▶ _EXERCISE DIRECTIONS_: Reproduce, exactly, the lines of the material below from the line containing "bird bath low areas on green tennis court" through the line containing "A glass of warm", with both end lines included and nothing else.

------------

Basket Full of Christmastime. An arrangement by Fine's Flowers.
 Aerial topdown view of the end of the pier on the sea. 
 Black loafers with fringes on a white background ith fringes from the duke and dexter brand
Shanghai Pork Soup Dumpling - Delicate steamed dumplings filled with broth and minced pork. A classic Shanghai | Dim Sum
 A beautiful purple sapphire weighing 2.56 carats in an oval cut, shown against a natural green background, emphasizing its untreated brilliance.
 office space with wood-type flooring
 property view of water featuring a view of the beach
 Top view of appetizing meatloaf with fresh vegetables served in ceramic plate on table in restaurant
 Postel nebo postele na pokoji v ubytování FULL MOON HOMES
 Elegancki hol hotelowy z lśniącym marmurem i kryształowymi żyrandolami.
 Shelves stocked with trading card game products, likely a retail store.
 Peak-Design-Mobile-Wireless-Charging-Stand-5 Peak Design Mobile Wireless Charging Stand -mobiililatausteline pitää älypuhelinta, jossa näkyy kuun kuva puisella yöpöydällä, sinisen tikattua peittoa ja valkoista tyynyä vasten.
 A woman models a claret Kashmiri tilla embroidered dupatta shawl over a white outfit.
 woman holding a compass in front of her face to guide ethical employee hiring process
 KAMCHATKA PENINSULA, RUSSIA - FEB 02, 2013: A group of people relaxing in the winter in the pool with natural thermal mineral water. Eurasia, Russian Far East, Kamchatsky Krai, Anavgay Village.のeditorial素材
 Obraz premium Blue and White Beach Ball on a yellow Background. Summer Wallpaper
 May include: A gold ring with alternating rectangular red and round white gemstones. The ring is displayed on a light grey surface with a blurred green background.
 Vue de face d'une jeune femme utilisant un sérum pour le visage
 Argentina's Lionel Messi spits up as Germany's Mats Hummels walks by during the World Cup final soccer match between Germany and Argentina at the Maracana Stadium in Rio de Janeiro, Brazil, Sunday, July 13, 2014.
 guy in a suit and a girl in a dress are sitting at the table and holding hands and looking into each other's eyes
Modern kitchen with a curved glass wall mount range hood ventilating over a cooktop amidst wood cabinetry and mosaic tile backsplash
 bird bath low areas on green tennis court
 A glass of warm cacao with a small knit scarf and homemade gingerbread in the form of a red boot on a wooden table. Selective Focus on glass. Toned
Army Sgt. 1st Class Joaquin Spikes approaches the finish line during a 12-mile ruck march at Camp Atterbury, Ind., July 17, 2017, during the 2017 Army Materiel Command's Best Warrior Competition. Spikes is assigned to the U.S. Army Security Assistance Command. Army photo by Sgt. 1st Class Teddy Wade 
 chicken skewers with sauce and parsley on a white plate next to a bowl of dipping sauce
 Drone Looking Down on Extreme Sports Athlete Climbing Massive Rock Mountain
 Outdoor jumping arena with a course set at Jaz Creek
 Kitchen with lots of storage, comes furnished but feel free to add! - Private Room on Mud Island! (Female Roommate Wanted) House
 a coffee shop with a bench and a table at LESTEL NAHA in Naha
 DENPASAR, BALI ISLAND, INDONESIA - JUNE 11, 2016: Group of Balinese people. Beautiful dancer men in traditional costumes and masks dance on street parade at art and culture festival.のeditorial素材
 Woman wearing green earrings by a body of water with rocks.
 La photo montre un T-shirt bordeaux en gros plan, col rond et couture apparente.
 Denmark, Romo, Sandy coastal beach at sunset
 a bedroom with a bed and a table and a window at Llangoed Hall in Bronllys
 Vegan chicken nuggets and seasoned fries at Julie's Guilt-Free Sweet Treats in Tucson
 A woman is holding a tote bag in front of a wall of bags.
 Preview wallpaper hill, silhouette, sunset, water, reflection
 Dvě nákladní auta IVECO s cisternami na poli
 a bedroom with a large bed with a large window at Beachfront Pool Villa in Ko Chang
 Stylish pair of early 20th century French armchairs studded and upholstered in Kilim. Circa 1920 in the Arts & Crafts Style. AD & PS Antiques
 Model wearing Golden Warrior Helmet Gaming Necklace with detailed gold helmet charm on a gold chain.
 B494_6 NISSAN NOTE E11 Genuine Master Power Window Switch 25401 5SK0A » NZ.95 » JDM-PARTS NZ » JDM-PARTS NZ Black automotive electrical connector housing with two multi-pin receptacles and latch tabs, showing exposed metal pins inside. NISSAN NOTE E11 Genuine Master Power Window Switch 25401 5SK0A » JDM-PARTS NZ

------------

▶ _WRITTEN SOLUTION_:
 bird bath low areas on green tennis court
 A glass of warm cacao with a small knit scarf and homemade gingerbread in the form of a red boot on a wooden table. Selective Focus on glass. Toned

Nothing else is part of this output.